Toda la flota aquea se dirigió hacia Troya.

Entretanto, Antenor se acercó al caballo, dio unos golpes en el vientre -una contraseña convenida con anterioridad- y dijo que todo estaba en orden.

Se abrió la portezuela y descendieron por una escala de cuerdas. No debían de ser más de veinte o treinta, los más valientes, los más destacados, todos siguiendo con fidelidad el plan perfecto de Odiseo. Se dividieron en dos grupos, uno de ellos asesinó a los centinelas ebrios o medio dormidos que guardaban la ciudadela y el palacio, el otro corrió a abrir las puertas. Pronto entraría el grueso de la tropa recién desembarcada.

Mientras, los que se hallaban en la ciudad se dirigieron hacia el palacio real.
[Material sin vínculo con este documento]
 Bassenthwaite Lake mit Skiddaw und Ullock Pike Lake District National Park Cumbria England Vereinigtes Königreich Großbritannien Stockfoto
Menelao buscó a Helena. En medio de la confusión vio una luz redonda en una ventana, una lámpara de cuatro cabos, igual a las que alumbraban las habitaciones de la reina de Esparta.

Antes de eso, yo había hallado a Herófila en uno de los patios del palacio; me buscaba. A pesar de que apenas podía hablar, las lágrimas me lo impedían, le di instrucciones muy claras. Había de ir al templo de Hécate, apagar las antorchas del altar de la diosa y poner una lámpara en el alféizar de la ventana. Todos queríamos salvarnos.